What is cloud native and how can it generate business value?
Knowing what cloud native is and where it benefits enterprise operations is essential for competitive cloud development
Though some businesses are still grappling with the arduous process of migrating their products to the cloud, many now choose to build their applications in the cloud from scratch. Such applications are termed ‘cloud-native’ applications.
Cloud-native workloads are conceived with the cloud in mind, focusing on scalability, agility, and application independence. Building applications directly in the cloud is a core component of agile development and DevOps practices, allowing developers to quickly update their stack to meet business needs.
A definitive example of cloud-native workloads would be microservices, in which different elements of an application run in parallel as independent services, communicating via application programming interfaces (APIs).
“The simplest way of explaining it is by explaining what it is in opposition to,” Adrian Bradley, head of cloud transformation at KPMG, tells ITPro.
Bradley explains that, unlike applications a business has migrated to the cloud, cloud-native applications have none of the architectural or technical traces of an application originally designed for a non-cloud environment.
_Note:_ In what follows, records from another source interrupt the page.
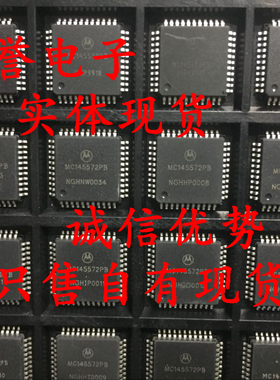 全新正品 承诺假壹罰十 MC145572PB MC145572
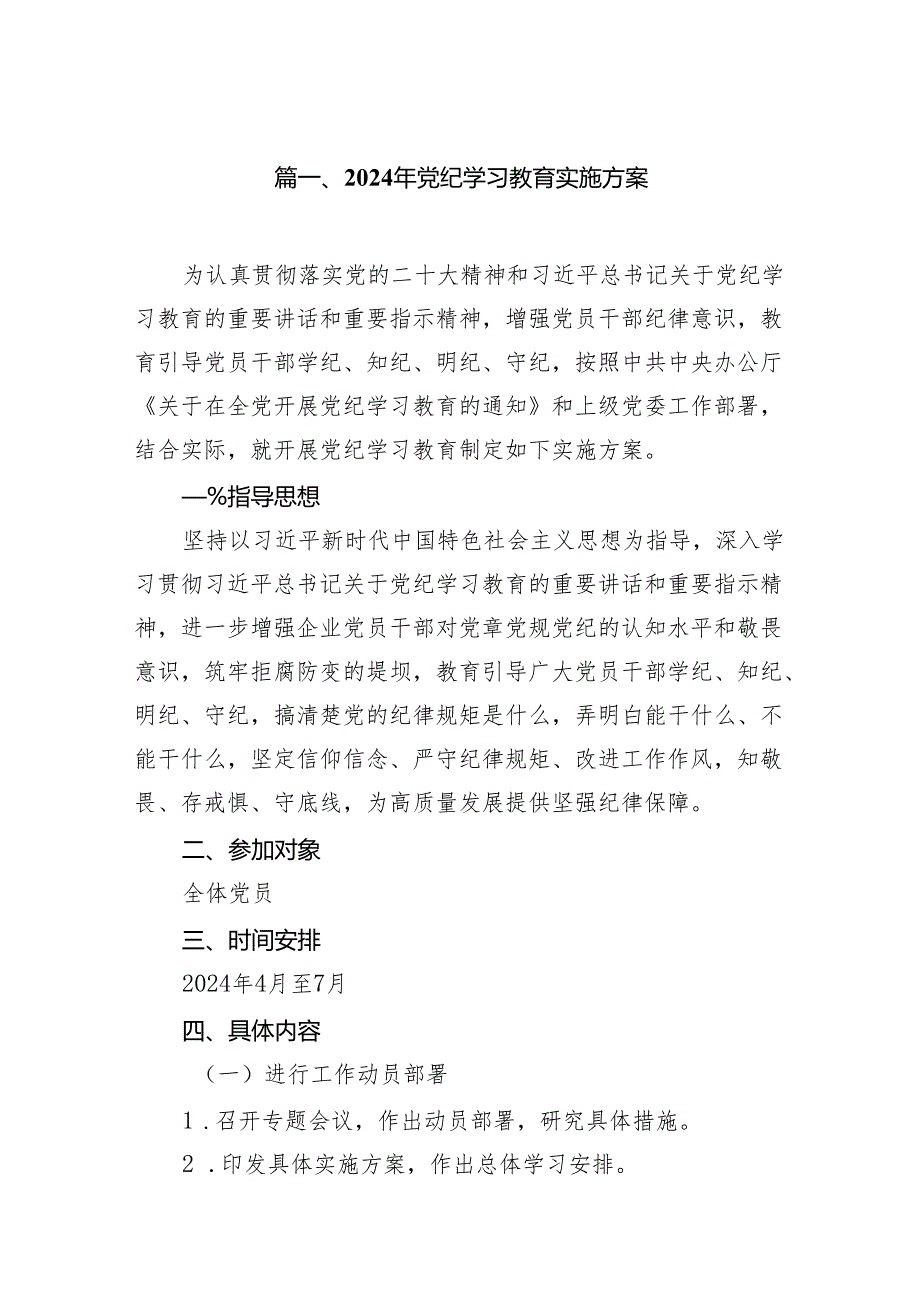 2024年党纪学习教育工作实施方案12篇.docx_第2页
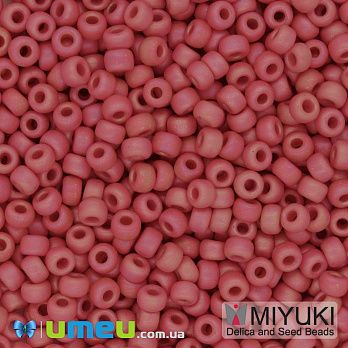Бісер японський Miyuki круглий RR 8/0 №407FR, Червоний матовий (BIS-045948)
This means that they can be more efficient and can be run in isolation from legacy tech.
With the cloud having become part of the furniture at most enterprises, a cloud-native approach can be an incredibly important concept to grasp. Cloud-native applications can save a business huge amounts of development time and money, reducing downtime and improving app resiliency.
That being said, it's not without its pitfalls. Businesses need to carefully consider their digital maturity, among other things, when deciding the extent to which they incorporate cloud native into their business framework.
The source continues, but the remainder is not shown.